**SUPPLIED INFORMATION**

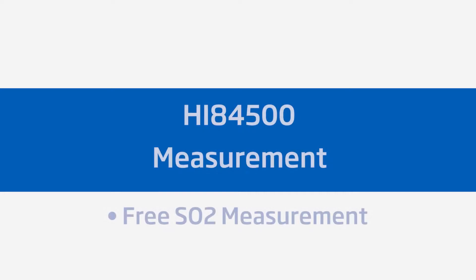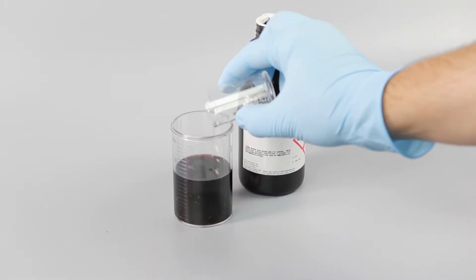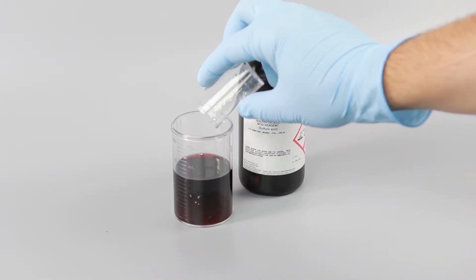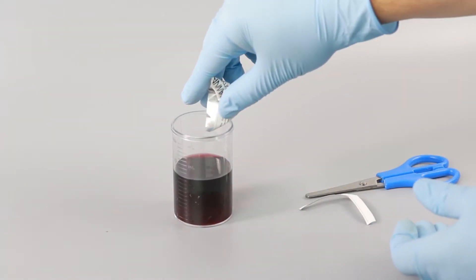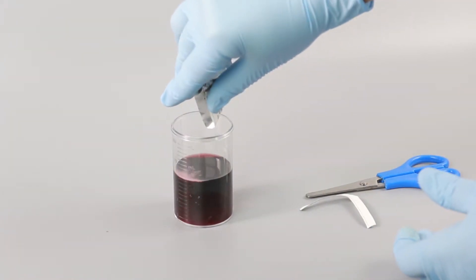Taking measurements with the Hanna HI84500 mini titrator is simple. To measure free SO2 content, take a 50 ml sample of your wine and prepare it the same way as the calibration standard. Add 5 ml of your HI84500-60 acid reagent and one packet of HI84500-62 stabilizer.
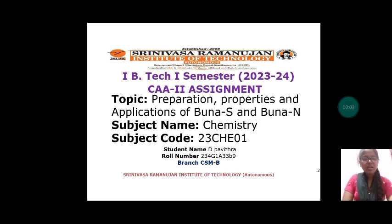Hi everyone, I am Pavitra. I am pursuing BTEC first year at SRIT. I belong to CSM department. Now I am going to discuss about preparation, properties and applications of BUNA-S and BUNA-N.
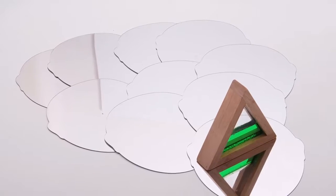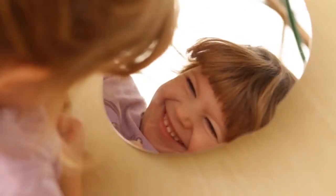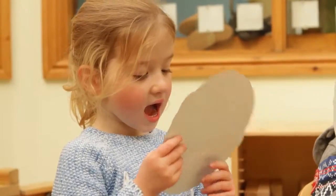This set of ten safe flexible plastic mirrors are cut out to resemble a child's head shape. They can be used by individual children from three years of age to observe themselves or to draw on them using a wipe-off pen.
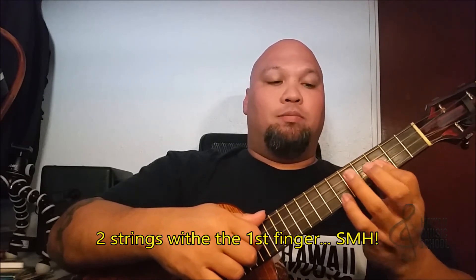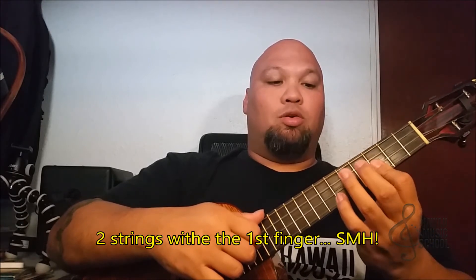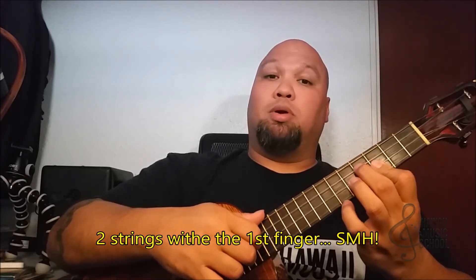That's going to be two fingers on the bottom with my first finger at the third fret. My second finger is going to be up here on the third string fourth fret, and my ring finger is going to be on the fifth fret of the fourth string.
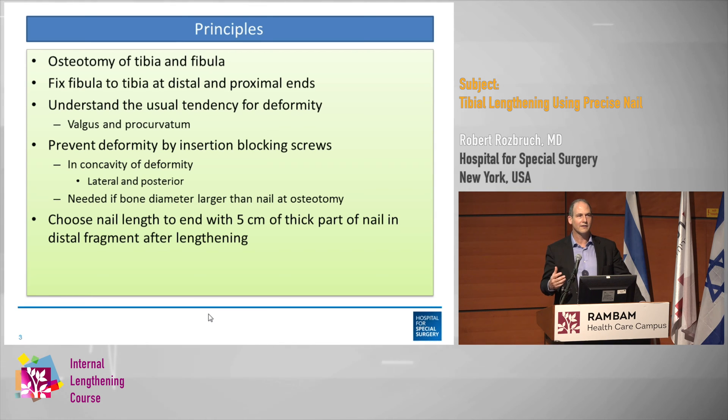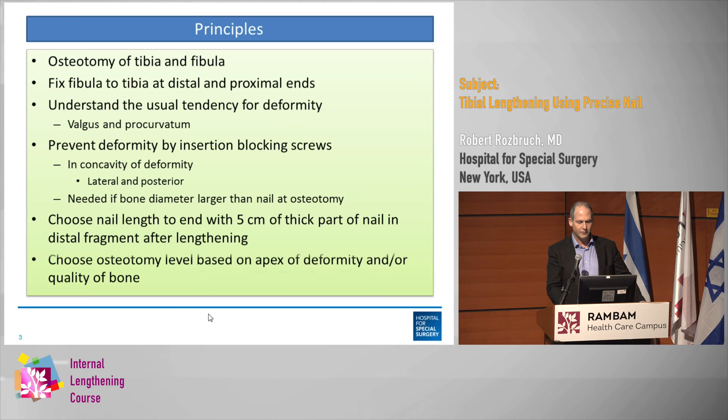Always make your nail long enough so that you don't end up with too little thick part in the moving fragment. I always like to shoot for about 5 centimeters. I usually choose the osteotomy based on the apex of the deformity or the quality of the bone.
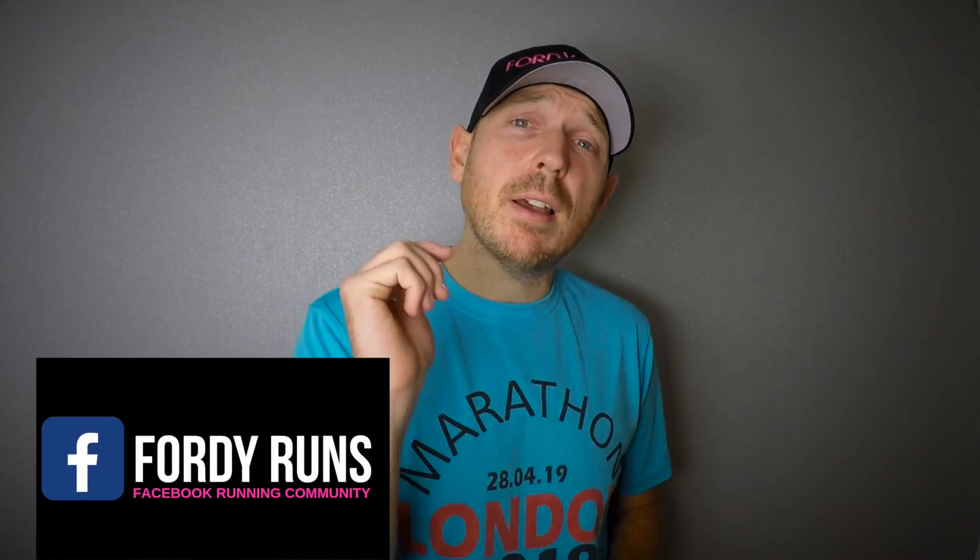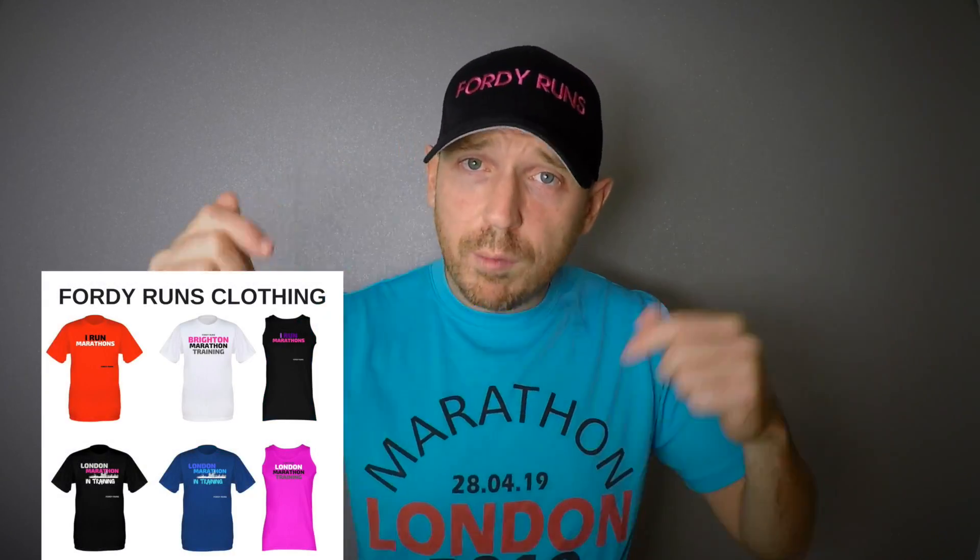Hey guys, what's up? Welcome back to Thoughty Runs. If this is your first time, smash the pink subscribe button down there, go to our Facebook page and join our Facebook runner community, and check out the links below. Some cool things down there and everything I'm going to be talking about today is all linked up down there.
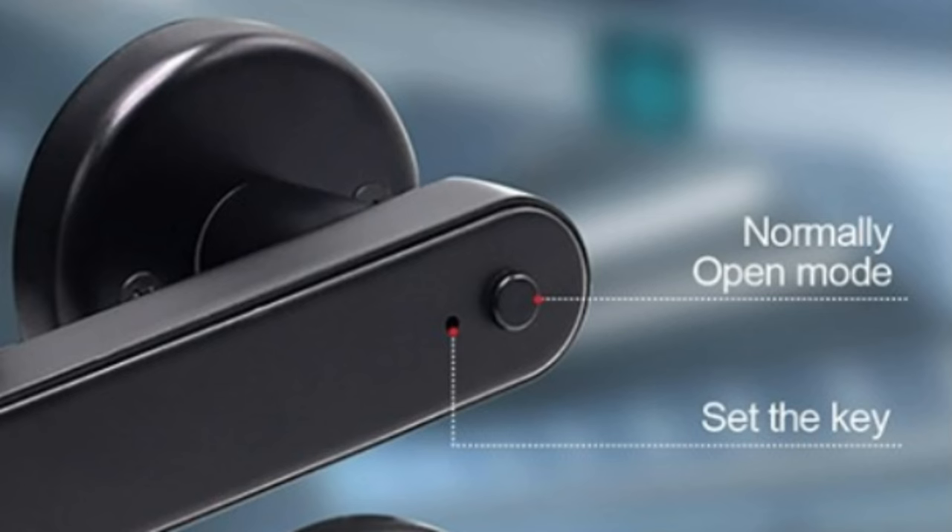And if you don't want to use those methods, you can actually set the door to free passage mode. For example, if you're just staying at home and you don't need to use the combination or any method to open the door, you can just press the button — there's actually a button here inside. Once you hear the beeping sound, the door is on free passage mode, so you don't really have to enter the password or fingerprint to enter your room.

...

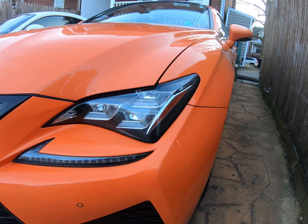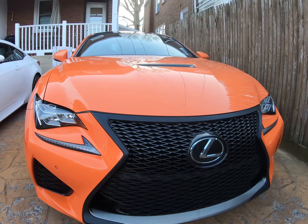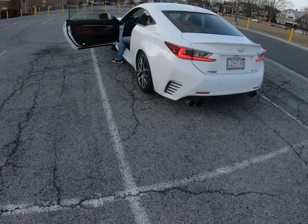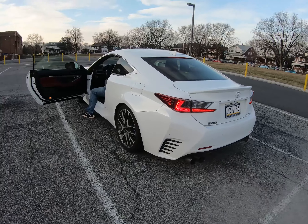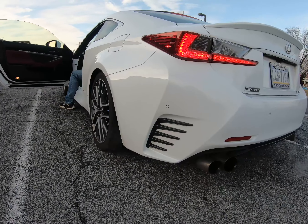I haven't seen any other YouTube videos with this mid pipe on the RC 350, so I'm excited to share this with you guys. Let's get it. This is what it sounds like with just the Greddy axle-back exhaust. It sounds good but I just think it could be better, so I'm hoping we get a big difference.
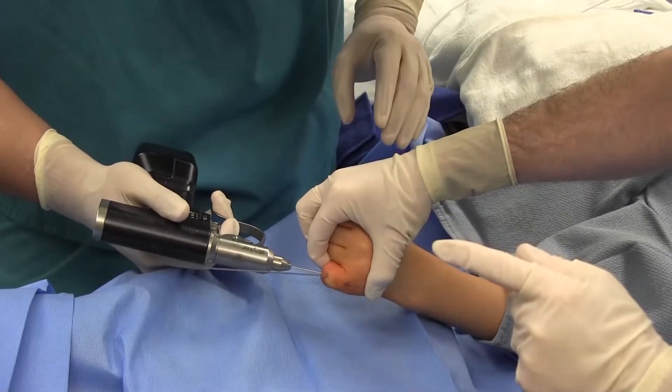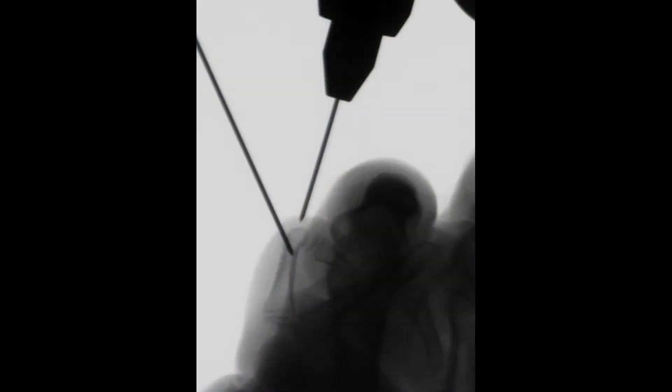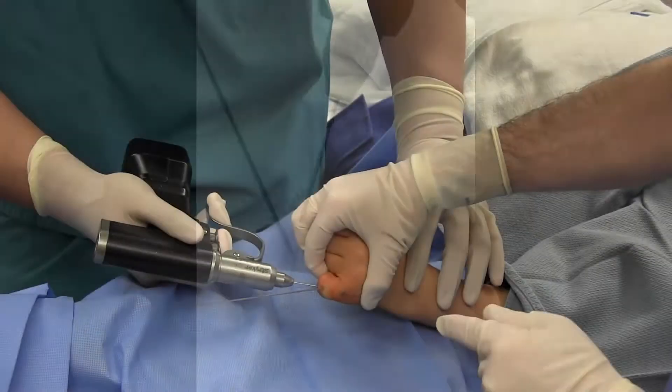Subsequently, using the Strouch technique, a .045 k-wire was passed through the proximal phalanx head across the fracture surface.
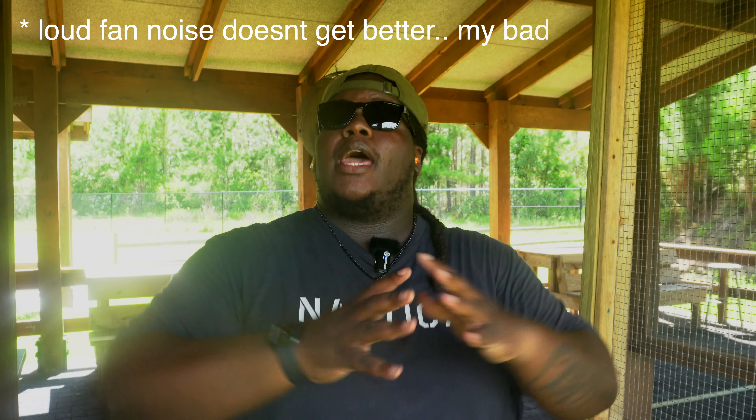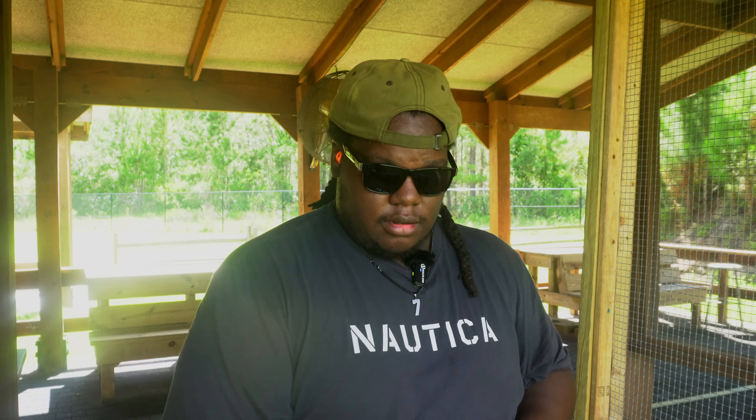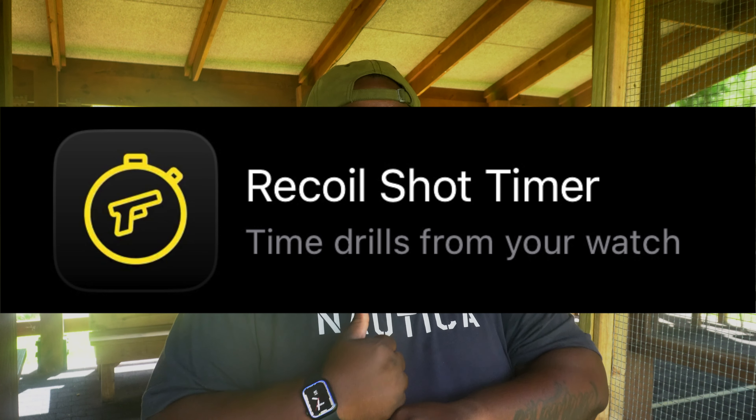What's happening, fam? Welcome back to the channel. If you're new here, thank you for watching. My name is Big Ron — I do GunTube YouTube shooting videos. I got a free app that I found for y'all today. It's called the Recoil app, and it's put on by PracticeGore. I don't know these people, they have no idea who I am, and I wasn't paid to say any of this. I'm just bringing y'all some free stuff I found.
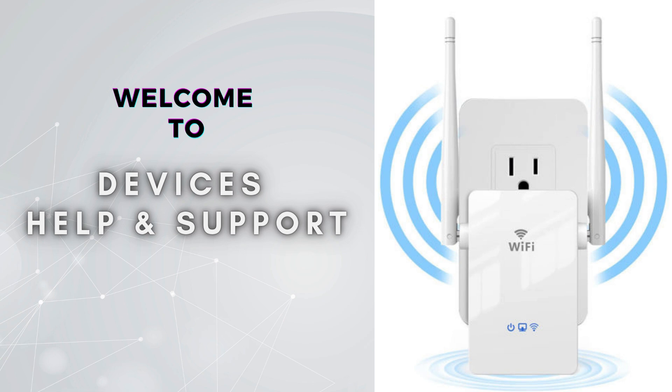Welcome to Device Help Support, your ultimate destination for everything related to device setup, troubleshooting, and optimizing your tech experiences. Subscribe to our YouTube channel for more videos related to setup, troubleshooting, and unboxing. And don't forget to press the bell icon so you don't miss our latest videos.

--

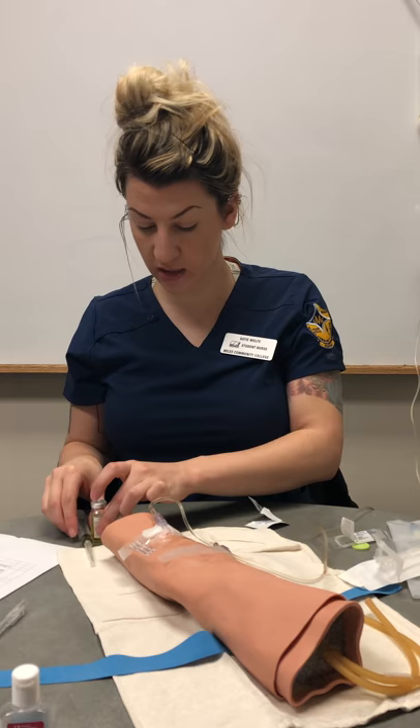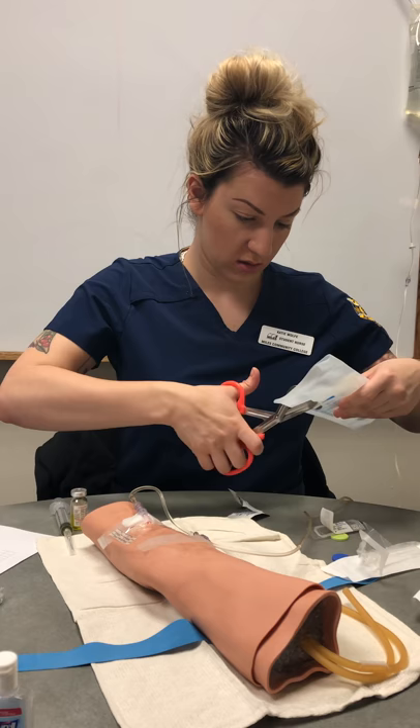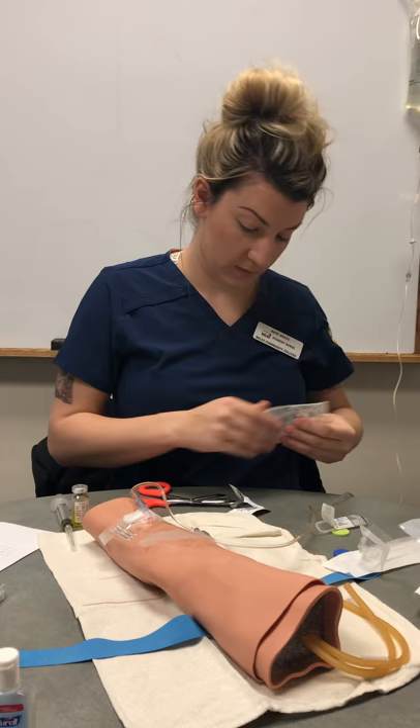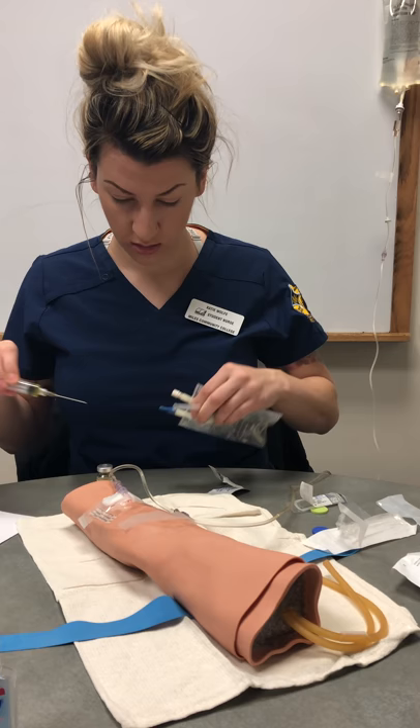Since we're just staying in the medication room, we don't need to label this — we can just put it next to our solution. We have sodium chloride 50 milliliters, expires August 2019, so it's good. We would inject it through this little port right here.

**PROBLEM TO WORK ON**
Precisely those lines above that run from the line with "Always make your" up to and including the line with "And if you don't" are to be set down, with the pictures omitted.

**OUTPUT OF THE TASK**
Always make your nail long enough so that you don't end up with too little thick part in the moving fragment. I always like to shoot for about 5 centimeters. I usually choose the osteotomy based on the apex of the deformity or the quality of the bone.
Hey guys, what's up? Welcome back to Thoughty Runs. If this is your first time, smash the pink subscribe button down there, go to our Facebook page and join our Facebook runner community, and check out the links below. Some cool things down there and everything I'm going to be talking about today is all linked up down there.
And if you don't want to use those methods, you can actually set the door to free passage mode. For example, if you're just staying at home and you don't need to use the combination or any method to open the door, you can just press the button — there's actually a button here inside. Once you hear the beeping sound, the door is on free passage mode, so you don't really have to enter the password or fingerprint to enter your room.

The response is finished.